Language Matters

Nicole Dickinson
3 min readNov 21, 2020

Have you ever paused to think about how language influences your daily life? While general communication is common to many animal species, the ability to create a specific language around abstract ideas (i.e. things we can’t see) is unique to humans. This special tool has a profound impact on our experience of the world, and evidence of this can be found in how speakers of different languages view the same differently-gendered objects .

The language we use shapes how we view and respond to the world around us. Our everyday language, something we may not often pause to think about, reflects our shared culture, and social hierarchies. This is, in my opinion, a truly beautiful thing. But, we must be aware of how language can also cause us to internalise and re-emit long-standing prejudice, inequality, and bias. Thus, language has the power to reinforce historical systems of inequality which we ourselves continue to be victims of. So how do we stop this?
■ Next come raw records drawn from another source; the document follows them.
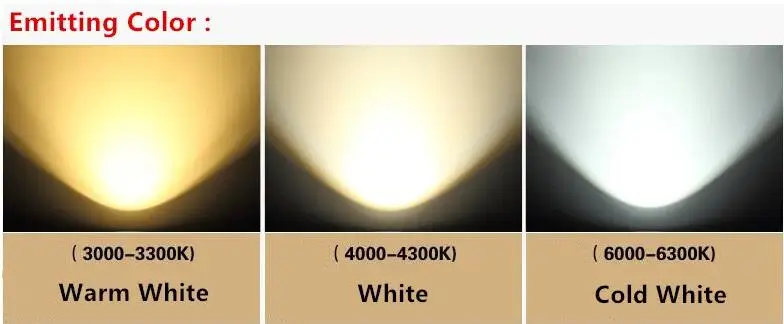 COB 15 Вт светодиодный AR111 с функцией дневного света 15W потолочные светильники 15 Вт светодиодный фонарик светодиодный 15 Вт AR111 QR111 ES111 GU10 G53 светодиодный прожекторы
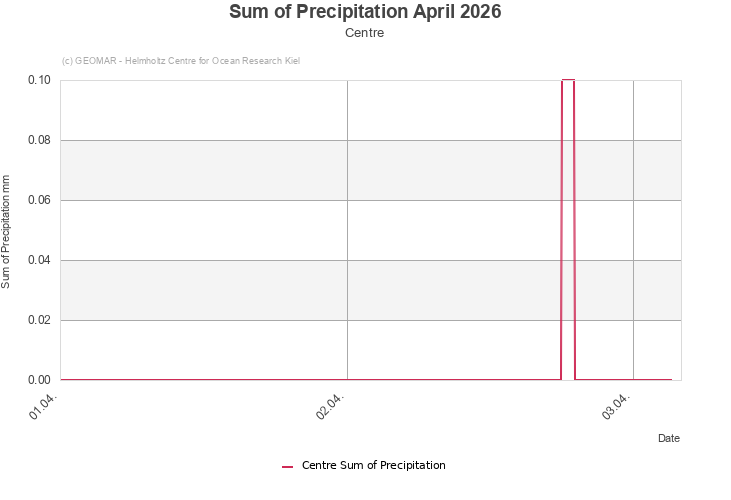Sum of Precipitation April 2026 - Centre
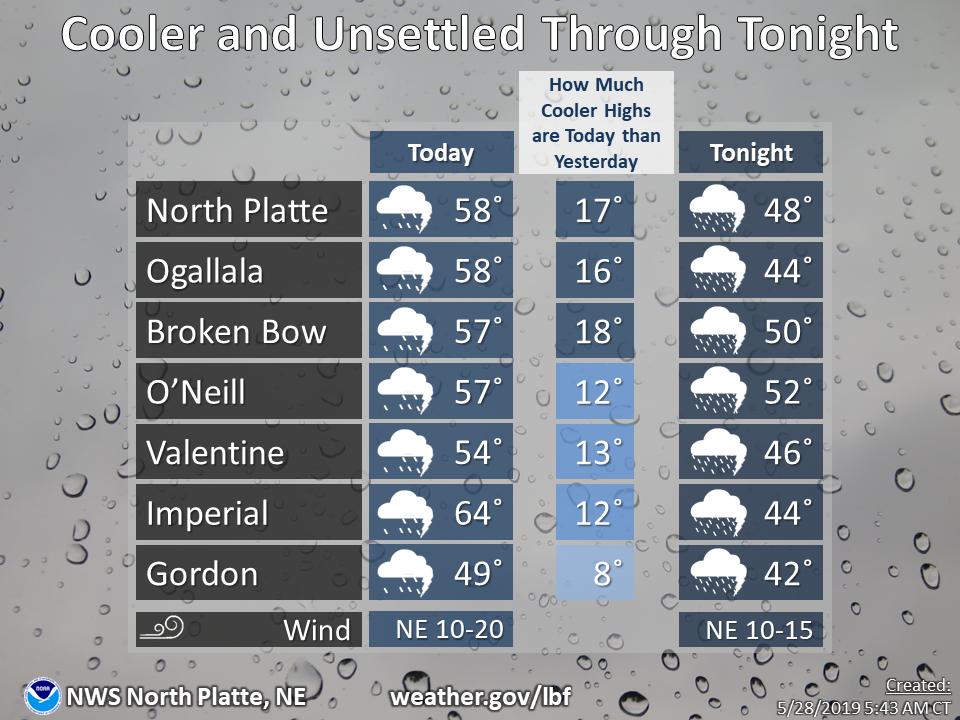 NWSNorthPlatte's tweet photo. Stay dry and dress a tad warmer than yesterday. High temperatures will be largely near 10 to 20 degrees cooler than yesterday, from about 50 to the lower 60s, with modest northeast breezes. #NEwx https://t.co/6pUvnX6cIJ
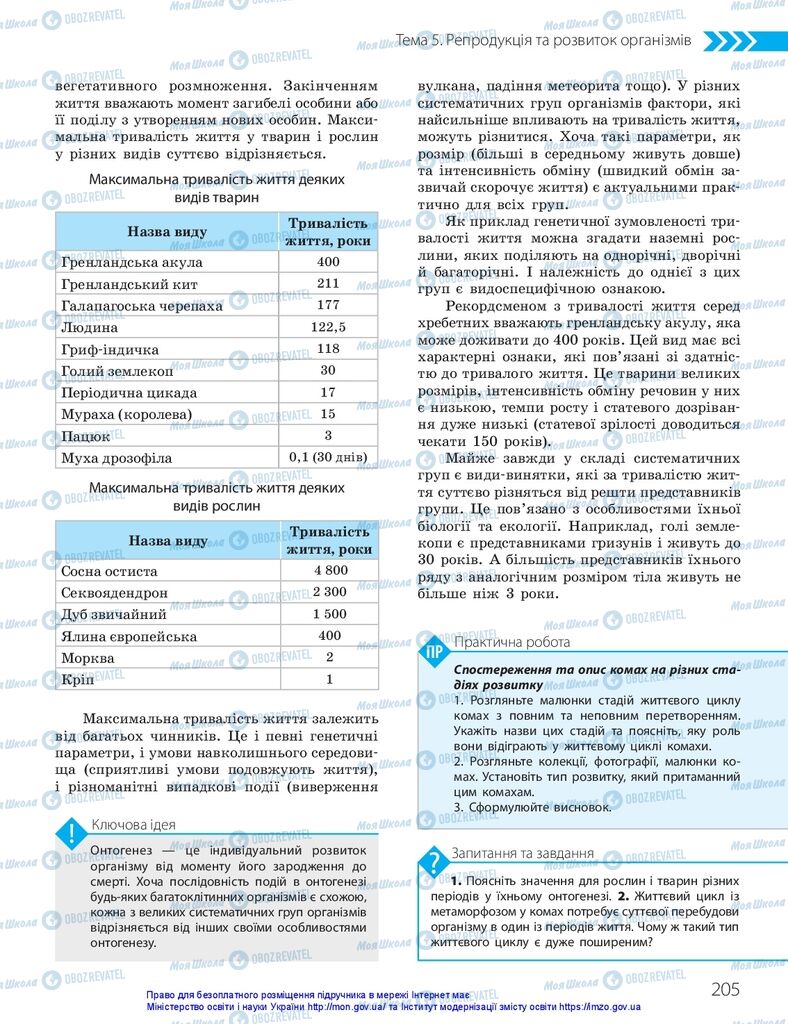 ГДЗ Біологія 10 клас сторінка  205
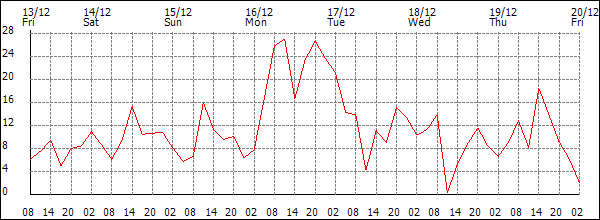 Wind (km/h)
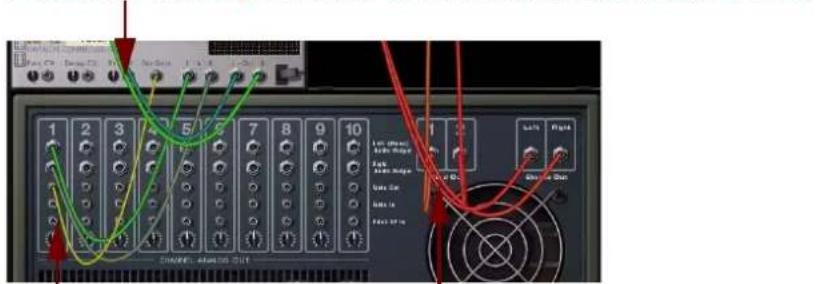 PROPELLERHEAD Reason Essentials 1.5 - Couleur du cable - 1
This year, after reading Florence Given’s Women Don’t Owe You Pretty, and this article, which explores the gendered nature of many of the swear words we use without thinking, I have become more conscious of the power that certain words can have. Recently, I have noticed how frequently women weaponise misogynistic language against each other, with words such as ‘bitch’ and ‘psycho’ being wielded without hesitation. While these words were most often used to describe women who were behaving albeit inappropriately, I couldn’t help but think there are better ones to use. ‘She’s behaving destructively’ or ‘she’s being rude/malicious/inconsiderate’ are just some suggestions I could offer as a starter.

While ‘bitch’ has been used historically to demean women who behave assertively, and, frankly, like men, ‘psycho’ has a tense history of gaslighting women’s valid emotional responses to traumatic situations, and stigmatising their mental health problems. I’m not saying that no one should use these words, ever, just that we should be conscious of their implications when they are so steeped in a history of misogyny. If we, as women, use these words to put others down, are we not in part re-perpetuating the system that used them to oppress us in the first place?

If more than half of white women managed to vote for Trump despite his abhorrent language around gender, sexual assault, and female bodily autonomy, then clearly we have some work to do around becoming conscious of and unpicking the language we absorb. This statistic is evidence that this violent rhetoric has been internalised to the extent that women themselves do not see, and in fact buy into, the systemic danger it poses them.

If our knee-jerk reaction is to call a woman a ‘bitch’ or a ‘whore’, for example, can we ask ourselves why? By using this word do we excuse ourselves from trying to understand the reasons behind her actions? Carelessly brandishing gendered insults allows us to box people away in categories of ‘bad’ and ‘undesirable’; we assign them their status and metaphorically rise above it.

These words and their gendered associations lean towards harmful, historical essentialism, where someone’s behaviour can be seen to only stem from some automatic quality of their gender. It’s easier to put behaviours and personalities that we see as below us down to ‘nature’ than to actually try and engage productively with the reasons — social and psychological — for it. But, if we refrain from unthinkingly using language which is steeped in misogyny, perhaps we can begin to build conversation and understanding, and undo the tightly knit straitjacket of gendered assumptions that holds us all back.

There are a plethora of amazing words out there (plethora being one of them), and new ones being created every day. If we focus on expanding our vocabulary for the better, I don’t even think these old words will be missed.